Он посторонился, пропуская нас в комнату, где уже сидела Девушка-Ночь, бессмысленно уставившись в одну точку. Она странно изменилась, за какие-то несколько минут превратившись из воздушного, сотканного из лунного света существа в обычную женщину, красивую, но совершенно земную, похожую на увядший цветок. Я тронул ее за плечо. Мне хотелось, чтобы она взглянула на меня.
– Идем… – равнодушно откликнулась Девушка-Ночь, даже не подняв голову.
– Не прикасайтесь к ней! – гневно закричал доктор. А потом тихо добавил: – Извините, мне просто больно, когда это кто-то делает. Садитесь…

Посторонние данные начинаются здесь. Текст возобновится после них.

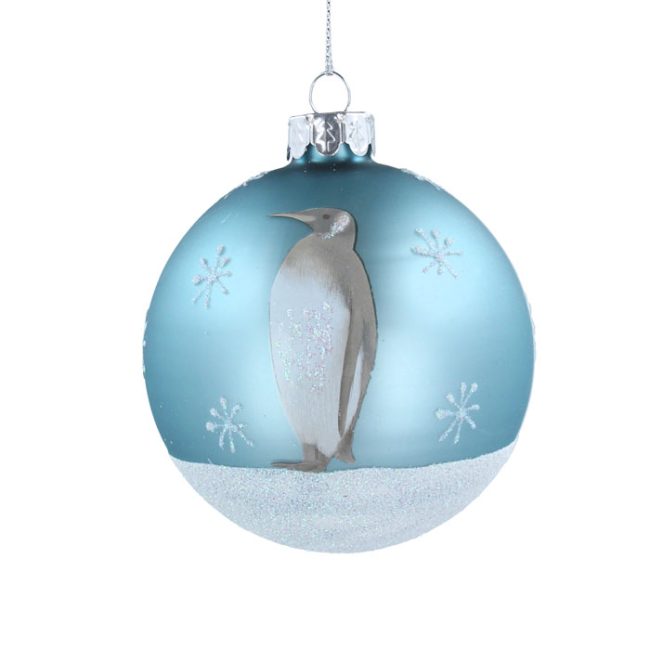 GISELA GRAHAM BLUE PENGUIN BAUBLE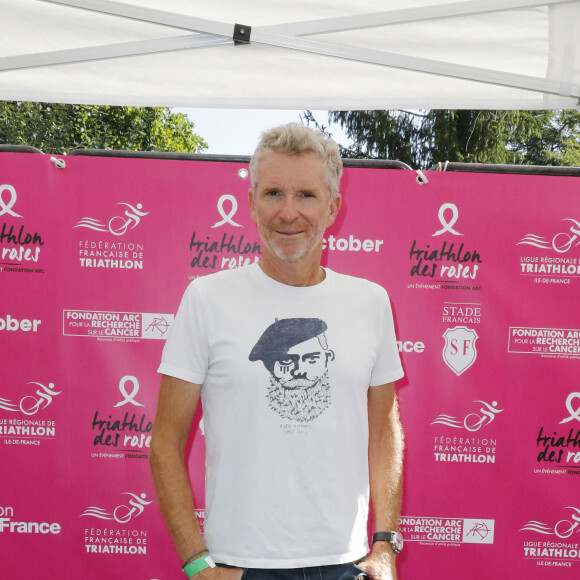 Denis Brogniart - 8ème édition du "Triathlon des roses" au Stade Français dans le domaine de Saint Cloud le 18 septembre 2021. © Marc Ausset-Lacroix/Bestimage
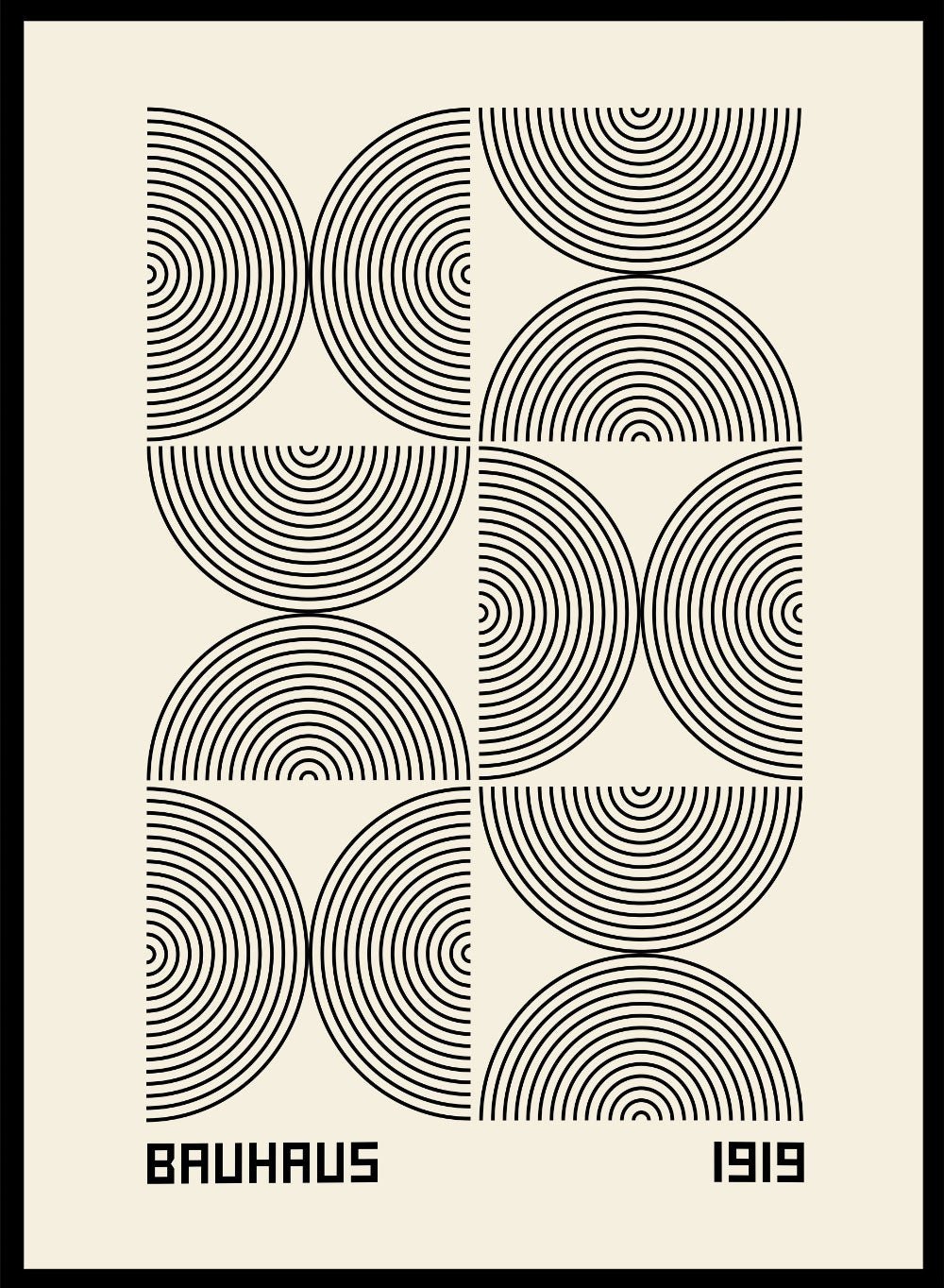 Bauhaus 1919 Geometric Lines Art Print BH64_Sugar & Canvas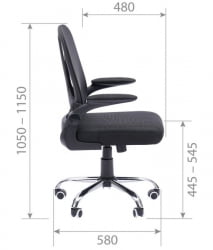 Офисное кресло CHAIRMAN CH650, ткань/сетка, черный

Никто из нас не принял его приглашения, а сам доктор заходил по комнате из угла в угол, бросая на Девушку-Ночь косые взгляды. Та продолжала сидеть неподвижно, вяло, будто из нее выпустили весь воздух.

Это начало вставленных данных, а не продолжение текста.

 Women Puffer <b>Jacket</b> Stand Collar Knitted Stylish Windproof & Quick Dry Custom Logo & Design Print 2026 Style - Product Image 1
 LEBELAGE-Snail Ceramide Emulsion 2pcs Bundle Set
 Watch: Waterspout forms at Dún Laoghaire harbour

– Это моя жена, – произнес наконец доктор Мендлев. – У нее ишемия мозга. Впрочем, к чему вам знать эти подробности?
– Почему вы держите ее здесь, а не отправите в клинику? – спросил я.
– Потому что все равно ее болезнь неизлечима, – горько отозвался он. – А там ей будет гораздо хуже. И кроме того… я продолжаю ее любить… хотя вам это, наверное, неинтересно. Вы видите ее? Разве она не прекрасна? Но она может повторять лишь одно слово, а большего от нее никому не добиться. Никогда. В ее голове произошли необратимые процессы. А ведь прежде она была талантливой художницей… Правда, сейчас ее рисунки стали еще гениальнее… Вы их видели.
– Та серия портретов в комнате?
– Да. Она рисует по памяти. С кем встретилась…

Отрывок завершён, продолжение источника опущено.